WANalytics: analytics for a geo-distributed data intensive world – Vulimiri et al. 2015
…data is born distributed; we only control data replication and distributed execution strategies.
This is true for so many sources of data. Combine this with Dave McCrory’s observation that ‘Data has Gravity’ (i.e. it attracts applications and other data processing workloads to it) and you have the fundamental forces for an inevitably distributed data processing world. Now let’s zoom out – we have ‘warehouse scale computers,’ think of these as computers with incredibly large processing and storage capacity, and fast internal connectivity (aka ‘datacenters’). We connect a relatively small number of these extremely capable computers (datacenters) together to form the backbone of wide-area distributed systems. Given the immense processing and storage capability of each of these computers, the network bandwidth between them is comparatively very poor indeed. So we need to construct our distributed systems in such a way as to mimize dependencies on this ‘piece of string’ and to make the most efficient use of it when we do need to use it.
Vulimiri et al. look at this problem from the perspective of analytics workloads: “our Hadoop-based prototype delivers 257x reduction in WAN bandwidth on a production workload from Microsoft.” A running example in the paper is consistent with analytic workloads at Microsoft, Yahoo!, Twitter, Facebook, and LinkedIn. There are three sources of data: clickstreams, textual reviews, and a relational sales table with details of purchases. These are processed in a DAG to extract data about user behaviour, sales performance, and item reception.

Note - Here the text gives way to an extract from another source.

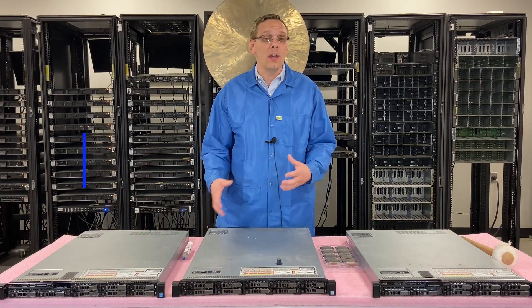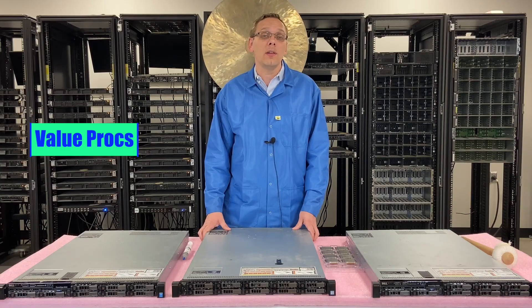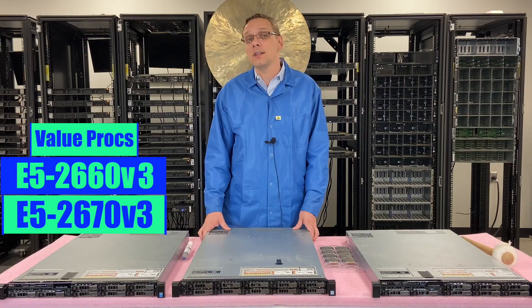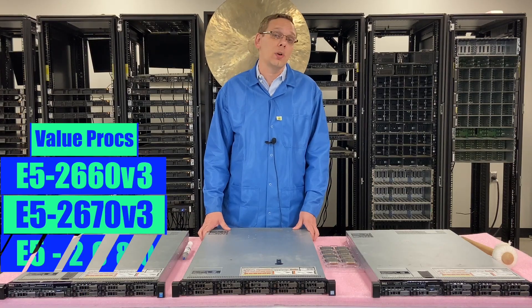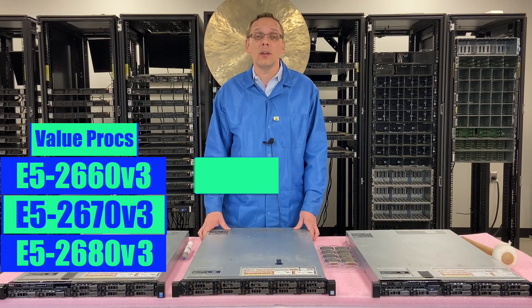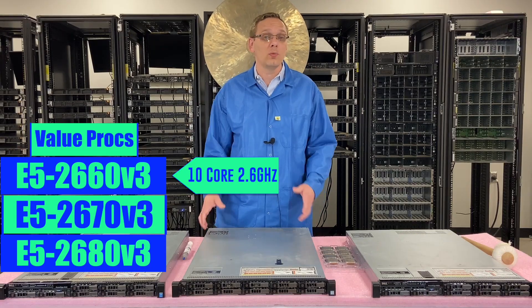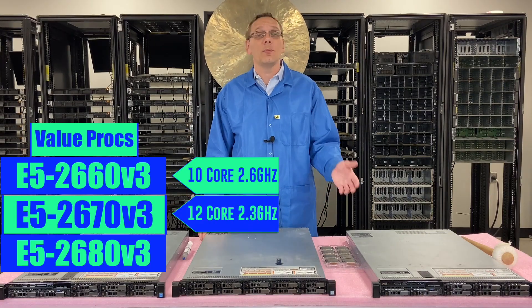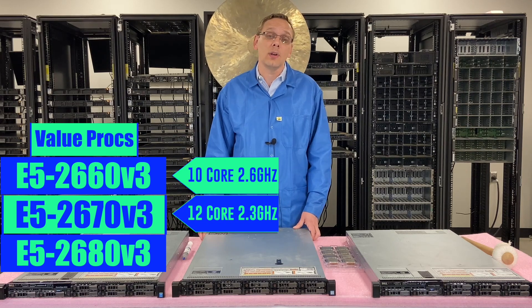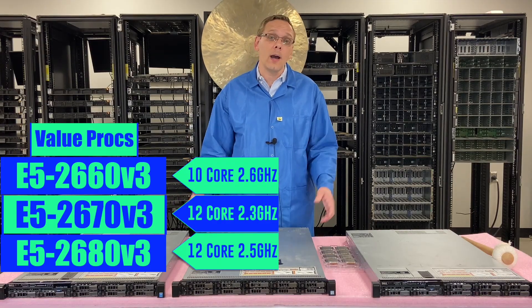As far as what we consider the value procs — where you get the most bang for your buck — I recommend the E5-2660 V3, the E5-2670 V3, and the E5-2680 V3. With the E5-2660 V3 you get a 10-core proc, which is a really solid option overall. If you want to go up to 12 cores, you can get the E5-2670 or the E5-2680 — that'll be 2.3 versus 2.5 gigahertz. Both are really great options.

The workflow therefore includes computations processing unstructured data – session extraction and sentiment analysis, as well as machine learning (behaviour modeling).
Many large organizations today have a planetary-scale footprint and operate tens of data centers around the globe. Local data centers ensure low-latency access to users, availability, and regulatory compliance. Massive amounts of data are produced in each data center by logging interactions with users, monitoring compute infrastructures, and tracking business-critical functions. Analyzing all such data globally in a consistent and unified manner provides invaluable insight.

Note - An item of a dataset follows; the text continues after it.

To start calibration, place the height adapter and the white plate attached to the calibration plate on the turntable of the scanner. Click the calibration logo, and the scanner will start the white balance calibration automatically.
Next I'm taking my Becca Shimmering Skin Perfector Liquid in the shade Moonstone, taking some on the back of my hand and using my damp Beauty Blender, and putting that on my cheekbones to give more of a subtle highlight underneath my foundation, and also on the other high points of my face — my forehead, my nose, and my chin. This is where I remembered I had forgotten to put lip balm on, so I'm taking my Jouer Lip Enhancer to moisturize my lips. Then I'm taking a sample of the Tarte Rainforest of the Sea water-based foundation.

The typically approach to Wide Area Big Data today is to copy data to a central location for analysis. Spot the obvious problem! This is “destined to consume cross-data center bandwidth proportional to the volume of updates/growth in the base data.”
We argue that any centralized solution is on a collision course with current technological and geo-political trends: 1) data is growing much faster than cross-data center bandwidth, and 2) growing privacy and data sovereignty concerns are likely to result in government regulation that threatens the viability of centralized approaches (e.g., German-born data might not be stored in US data centers).
The novel features of the Wide Area Big Data problem are therefore:
- No control over data partitioning / placement (it is born distributed) – only over replication
- Arbitrary computation DAGs (vs relational)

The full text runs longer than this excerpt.